Getting Started with Darknet/YOLO
Building Darknet
1. Google Colab:
* Follow the instructions for the Linux CMake Method (explained below).
* Several Jupyter notebooks are available for tasks like training a new network. Explore the notebooks in the colab subdirectory.
2. Linux CMake Method:
Install essential packages:
`bash
sudo apt-get install build-essential git libopencv-dev cmake
`
Clone the repository:
`bash
git clone https://github.com/hank-ai/darknet
`
Create build directory:
`bash
mkdir build
cd build
`
Configure CMake:
`bash
cmake -DCMAKEBUILDTYPE=Release ..
`
Build Darknet:
`bash
make -j4
`
Install (optional):
`bash
make package
sudo dpkg -i darknet-VERSION.deb
`
3. Windows CMake Method:
Install prerequisites:
`bash
winget install Git.Git
winget install Kitware.CMake
winget install nsis.nsis
winget install Microsoft.VisualStudio.2022.Community
`
Modify Visual Studio installation: Ensure Desktop Development with C++ is selected.

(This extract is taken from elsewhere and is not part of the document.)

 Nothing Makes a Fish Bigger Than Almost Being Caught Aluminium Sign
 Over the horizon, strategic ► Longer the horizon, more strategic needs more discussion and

Open Developer Command Prompt for VS 2022: Do not use PowerShell.
Install VCPKG:
`bash
cd c:
mkdir c:src
cd c:src
git clone https://github.com/microsoft/vcpkg
cd vcpkg
bootstrap-vcpkg.bat
.vcpkg.exe integrate install
.vcpkg.exe integrate powershell
.vcpkg.exe install opencv[contrib,dnn,freetype,jpeg,openmp,png,webp,world]:x64-windows
`
Clone Darknet repository:
`bash
cd c:src
git clone https://github.com/hank-ai/darknet.git
`
Configure CMake (specify VCPKG location):
`bash
cd darknet
mkdir build
cd build
cmake -DCMAKEBUILDTYPE=Release -DCMAKETOOLCHAINFILE=C:/src/vcpkg/scripts/buildsystems/vcpkg.cmake ..
`
Build using msbuild:
`bash
msbuild.exe /property:Platform=x64;Configuration=Release /target:Build -maxCpuCount -verbosity:normal -detailedSummary darknet.sln
`
Create installation package:
`bash
msbuild.exe /property:Platform=x64;Configuration=Release PACKAGE.vcxproj
`
Running Darknet
1. Darknet CLI (Command Line Interface):
Basic Commands:
* darknet version: Check the installed Darknet version.
* darknet help: Get a list of available commands.
Prediction:
* darknet detector test cars.data cars.cfg cars_best.weights image1.jpg: Predict using an image.
* darknet detector demo animals.data animals.cfg animals_best.weights test.mp4: Process a video.
* darknet detector demo animals.data animals.cfg animals_best.weights -c 0: Read from a webcam.
Training:
* darknet detector train animals.data animals.cfg: Start training a new network.
2. DarkHelp CLI (Alternative CLI):
DarkHelp provides an alternative command-line interface with advanced features like object tracking and image tiling.
It is complementary to the Darknet CLI and can be used alongside it.
3. MSCOCO Pre-trained Weights:
Several versions of YOLO are pre-trained on the MSCOCO dataset (80 classes). These weights are provided for demonstration purposes and can be downloaded from the Darknet repository.
Conclusion
Downcodes' comprehensive overview of the Darknet object detection framework and YOLO offers a foundation for anyone interested in delving into real-time object detection. From its open-source nature and unmatched performance to its versatility across platforms, Darknet/YOLO continues to be a powerful tool for developers, researchers, and enthusiasts alike.
Remember: Explore the Darknet/YOLO FAQ and join the Darknet/YOLO Discord server for additional resources and community support.